[Stored data]

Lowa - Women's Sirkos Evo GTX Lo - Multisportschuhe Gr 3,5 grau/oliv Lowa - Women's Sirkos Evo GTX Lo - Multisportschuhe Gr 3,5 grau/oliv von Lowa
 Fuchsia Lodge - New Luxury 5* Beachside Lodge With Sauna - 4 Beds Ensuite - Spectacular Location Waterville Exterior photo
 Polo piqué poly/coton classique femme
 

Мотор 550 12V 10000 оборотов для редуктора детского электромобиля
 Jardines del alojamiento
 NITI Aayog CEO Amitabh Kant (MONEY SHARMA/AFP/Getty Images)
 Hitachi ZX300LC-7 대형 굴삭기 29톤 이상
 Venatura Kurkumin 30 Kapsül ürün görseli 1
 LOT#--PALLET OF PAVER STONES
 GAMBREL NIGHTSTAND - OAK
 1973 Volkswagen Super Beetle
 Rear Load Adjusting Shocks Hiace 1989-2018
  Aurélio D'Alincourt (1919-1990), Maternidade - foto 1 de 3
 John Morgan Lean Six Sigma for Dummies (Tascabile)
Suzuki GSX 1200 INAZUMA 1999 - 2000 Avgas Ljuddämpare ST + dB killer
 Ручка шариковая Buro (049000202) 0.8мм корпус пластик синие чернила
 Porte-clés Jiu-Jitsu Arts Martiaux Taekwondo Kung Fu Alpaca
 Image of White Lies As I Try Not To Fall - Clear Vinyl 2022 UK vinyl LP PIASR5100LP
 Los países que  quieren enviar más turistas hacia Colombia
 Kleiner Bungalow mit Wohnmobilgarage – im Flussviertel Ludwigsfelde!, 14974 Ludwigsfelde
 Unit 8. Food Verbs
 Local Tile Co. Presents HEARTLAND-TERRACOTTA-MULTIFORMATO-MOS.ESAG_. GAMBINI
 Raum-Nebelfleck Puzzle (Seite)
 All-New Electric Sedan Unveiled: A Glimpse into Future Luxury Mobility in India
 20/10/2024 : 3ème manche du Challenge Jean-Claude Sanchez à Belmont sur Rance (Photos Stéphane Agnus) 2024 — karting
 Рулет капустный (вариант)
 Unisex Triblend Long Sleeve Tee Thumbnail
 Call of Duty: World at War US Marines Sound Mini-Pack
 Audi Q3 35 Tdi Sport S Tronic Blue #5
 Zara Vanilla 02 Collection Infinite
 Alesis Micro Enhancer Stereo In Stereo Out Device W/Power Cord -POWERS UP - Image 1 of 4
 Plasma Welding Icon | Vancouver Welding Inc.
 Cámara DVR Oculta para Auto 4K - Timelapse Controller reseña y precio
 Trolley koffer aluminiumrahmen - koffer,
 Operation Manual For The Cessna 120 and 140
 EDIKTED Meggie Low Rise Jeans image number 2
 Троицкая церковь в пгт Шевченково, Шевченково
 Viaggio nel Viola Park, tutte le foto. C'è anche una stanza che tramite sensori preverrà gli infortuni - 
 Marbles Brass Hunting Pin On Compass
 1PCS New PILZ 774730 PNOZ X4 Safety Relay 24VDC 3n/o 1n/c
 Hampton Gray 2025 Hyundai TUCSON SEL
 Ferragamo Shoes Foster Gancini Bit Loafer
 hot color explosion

What the task asks
Up to and including the line with "Hampton Gray 2025 Hyundai TUCSON SEL", please return the records exactly, beginning from their first line.

Problem solution
Lowa - Women's Sirkos Evo GTX Lo - Multisportschuhe Gr 3,5 grau/oliv Lowa - Women's Sirkos Evo GTX Lo - Multisportschuhe Gr 3,5 grau/oliv von Lowa
 Fuchsia Lodge - New Luxury 5* Beachside Lodge With Sauna - 4 Beds Ensuite - Spectacular Location Waterville Exterior photo
 Polo piqué poly/coton classique femme
 

Мотор 550 12V 10000 оборотов для редуктора детского электромобиля
 Jardines del alojamiento
 NITI Aayog CEO Amitabh Kant (MONEY SHARMA/AFP/Getty Images)
 Hitachi ZX300LC-7 대형 굴삭기 29톤 이상
 Venatura Kurkumin 30 Kapsül ürün görseli 1
 LOT#--PALLET OF PAVER STONES
 GAMBREL NIGHTSTAND - OAK
 1973 Volkswagen Super Beetle
 Rear Load Adjusting Shocks Hiace 1989-2018
  Aurélio D'Alincourt (1919-1990), Maternidade - foto 1 de 3
 John Morgan Lean Six Sigma for Dummies (Tascabile)
Suzuki GSX 1200 INAZUMA 1999 - 2000 Avgas Ljuddämpare ST + dB killer
 Ручка шариковая Buro (049000202) 0.8мм корпус пластик синие чернила
 Porte-clés Jiu-Jitsu Arts Martiaux Taekwondo Kung Fu Alpaca
 Image of White Lies As I Try Not To Fall - Clear Vinyl 2022 UK vinyl LP PIASR5100LP
 Los países que  quieren enviar más turistas hacia Colombia
 Kleiner Bungalow mit Wohnmobilgarage – im Flussviertel Ludwigsfelde!, 14974 Ludwigsfelde
 Unit 8. Food Verbs
 Local Tile Co. Presents HEARTLAND-TERRACOTTA-MULTIFORMATO-MOS.ESAG_. GAMBINI
 Raum-Nebelfleck Puzzle (Seite)
 All-New Electric Sedan Unveiled: A Glimpse into Future Luxury Mobility in India
 20/10/2024 : 3ème manche du Challenge Jean-Claude Sanchez à Belmont sur Rance (Photos Stéphane Agnus) 2024 — karting
 Рулет капустный (вариант)
 Unisex Triblend Long Sleeve Tee Thumbnail
 Call of Duty: World at War US Marines Sound Mini-Pack
 Audi Q3 35 Tdi Sport S Tronic Blue #5
 Zara Vanilla 02 Collection Infinite
 Alesis Micro Enhancer Stereo In Stereo Out Device W/Power Cord -POWERS UP - Image 1 of 4
 Plasma Welding Icon | Vancouver Welding Inc.
 Cámara DVR Oculta para Auto 4K - Timelapse Controller reseña y precio
 Trolley koffer aluminiumrahmen - koffer,
 Operation Manual For The Cessna 120 and 140
 EDIKTED Meggie Low Rise Jeans image number 2
 Троицкая церковь в пгт Шевченково, Шевченково
 Viaggio nel Viola Park, tutte le foto. C'è anche una stanza che tramite sensori preverrà gli infortuni - 
 Marbles Brass Hunting Pin On Compass
 1PCS New PILZ 774730 PNOZ X4 Safety Relay 24VDC 3n/o 1n/c
 Hampton Gray 2025 Hyundai TUCSON SEL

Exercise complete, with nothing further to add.